El presidente de Estados Unidos, Donald Trump, ha firmado una orden ejecutiva que clasifica formalmente el fentanilo como un arma de destrucción masiva, elevando la lucha contra esta droga sintética al nivel de una amenaza prioritaria para la seguridad nacional.
La medida, anunciada durante un acto en la Casa Blanca dedicado a reconocer esfuerzos en la defensa fronteriza con México, permite movilizar recursos federales excepcionales contra el tráfico de esta sustancia. Agencias como el Departamento de Justicia, el Tesoro, el Estado y la Defensa podrán desplegar herramientas legales, financieras y operativas reservadas habitualmente para casos de terrorismo o amenazas químicas.
Trump justificó la decisión al afirmar: “Estamos clasificando formalmente el fentanilo como un arma de destrucción masiva”, y agregó que “ninguna bomba hace lo que esto está haciendo”, refiriéndose a las entre 200.000 y 300.000 muertes anuales asociadas al consumo de opioides en el país. El documento presidencial destaca el potencial de que el fentanilo sea utilizado para ataques terroristas concentrados y a gran escala.
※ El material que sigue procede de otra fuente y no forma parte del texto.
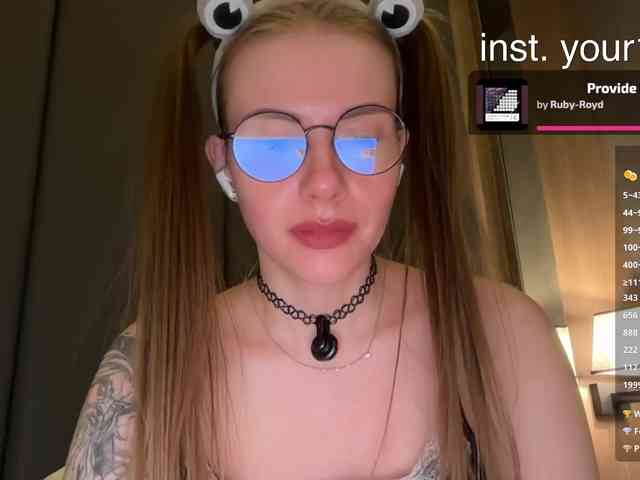 VikkiExtraCheese's chat room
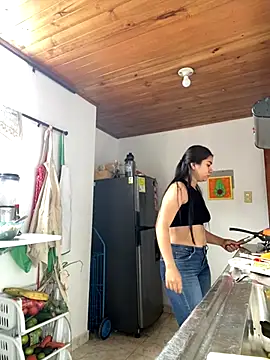 Snapshot of LorenaAmerica chatting on December 2024 05:00:01 PM LorenaAmerica online show from December 2024 05:00:01 PM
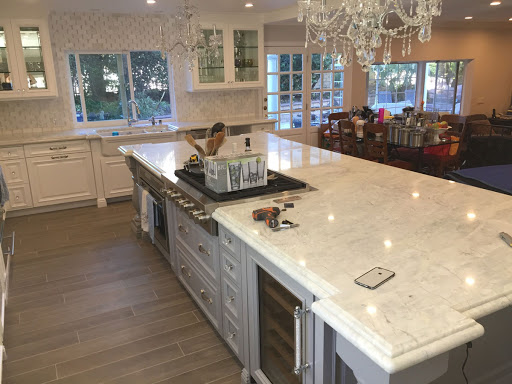 quartz countertops fabricator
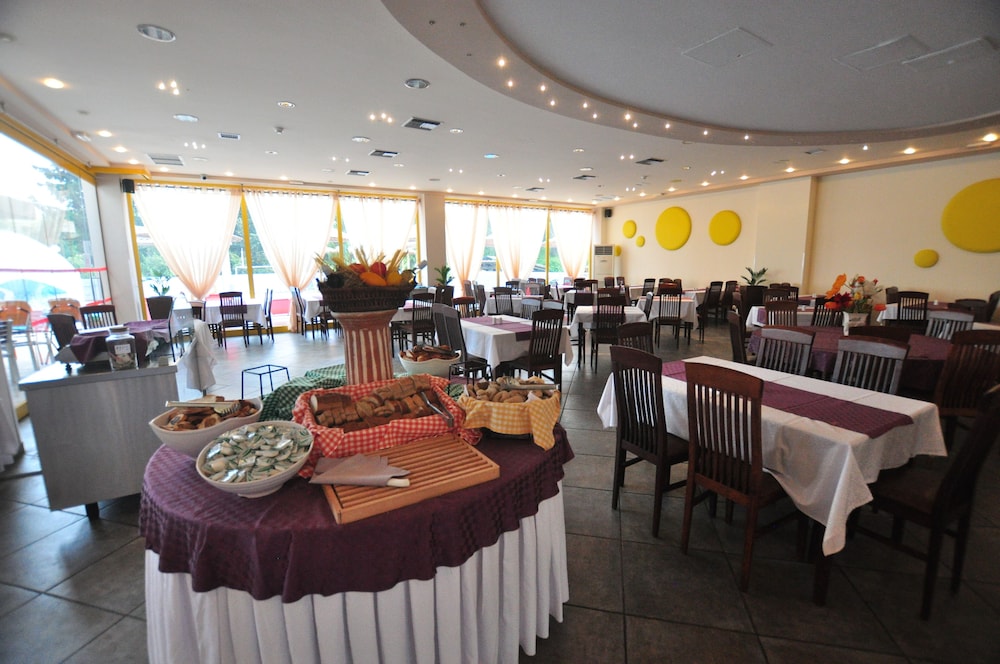 Michelangelo Resort 36/50
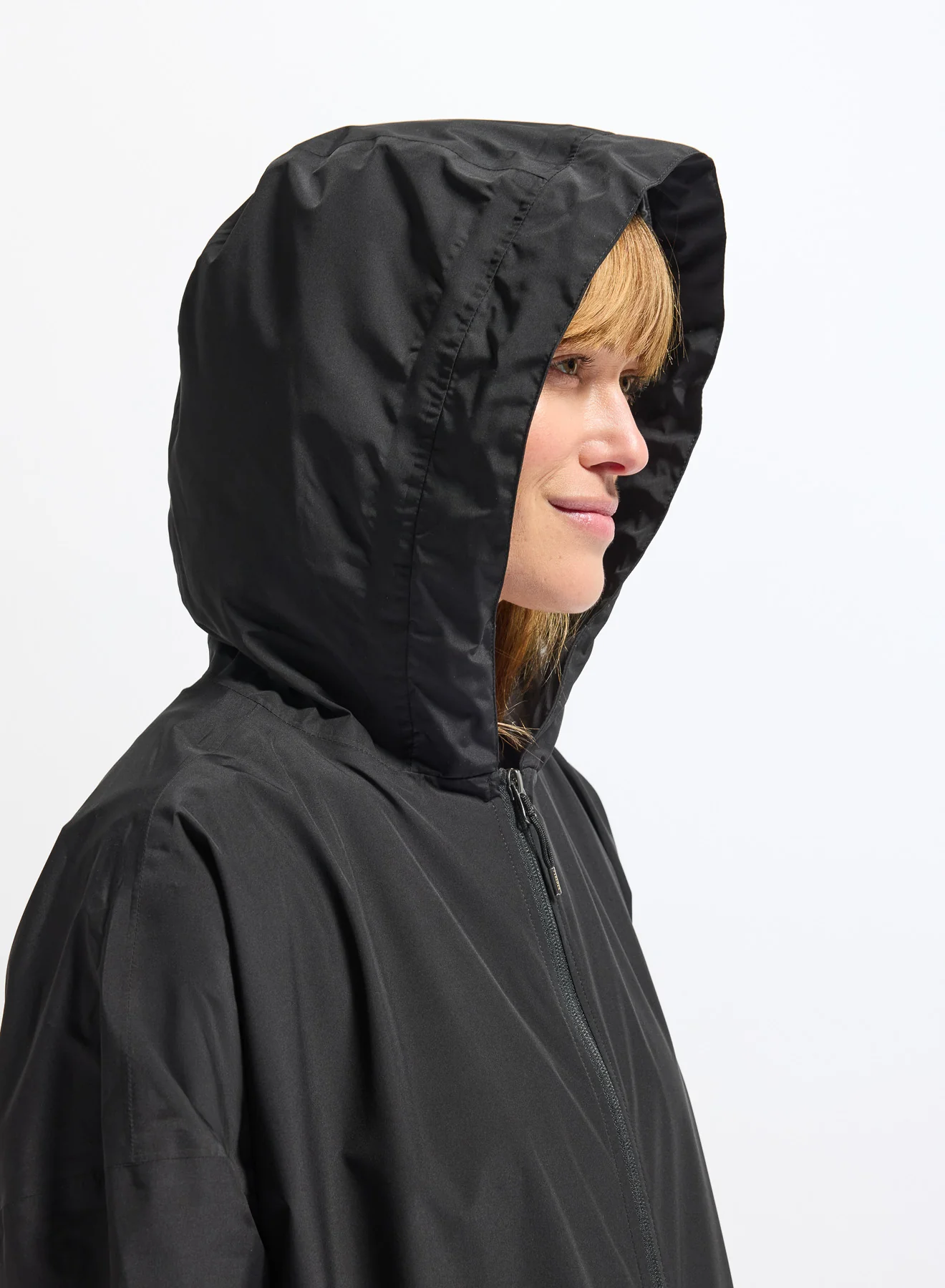 Coupe-vent imperméable femme Pyrenex Pyrite noir - Image 4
🇺🇸🇻🇪‼️ | ÚLTIMA HORA — Mientras anunciaba la firma en el Despacho Oval de una orden ejecutiva que declara al fentanilo como arma de destrucción masiva, el Presidente Trump afirmó que los ataques en tierra contra el narcotráfico no solo comenzarán pronto, sino que “son más… pic.twitter.com/L8B0MxDLjH
— UHN Plus (@UHN_Plus) December 15, 2025
El fentanilo, un opioide sintético extremadamente potente —donde una dosis letal equivale a apenas dos miligramos (10-15 granos de sal)—, es la principal causa de muerte entre estadounidenses de 18 a 45 años. Su tráfico financia organizaciones criminales transnacionales, carteles y grupos armados, generando violencia en rutas de contrabando.
Esta reclasificación se suma a otras acciones recientes de la administración Trump, como la declaración de emergencia nacional en la frontera sur, la designación de ocho organizaciones criminales —incluyendo el Cartel de los Soles, Tren de Aragua y MS-13— como entidades terroristas, la promulgación de la ley HALT Fentanyl y la imposición de aranceles a México, Canadá y China por su rol en el flujo de precursores químicos.
La orden habilita cargos penales más severos, sanciones financieras contra redes de producción y distribución, y un mayor involucramiento del Departamento de Defensa, incluyendo posibles acciones militares para interrumpir rutas marítimas y destruir embarcaciones narcotraficantes.
Esta decisión representa una escalada en la guerra contra el narcotráfico, vinculando directamente la crisis de opioides con riesgos de seguridad nacional y terrorismo, y podría intensificar la presión sobre países involucrados en la cadena de suministro, principalmente China (precursores) y México (producción y tráfico).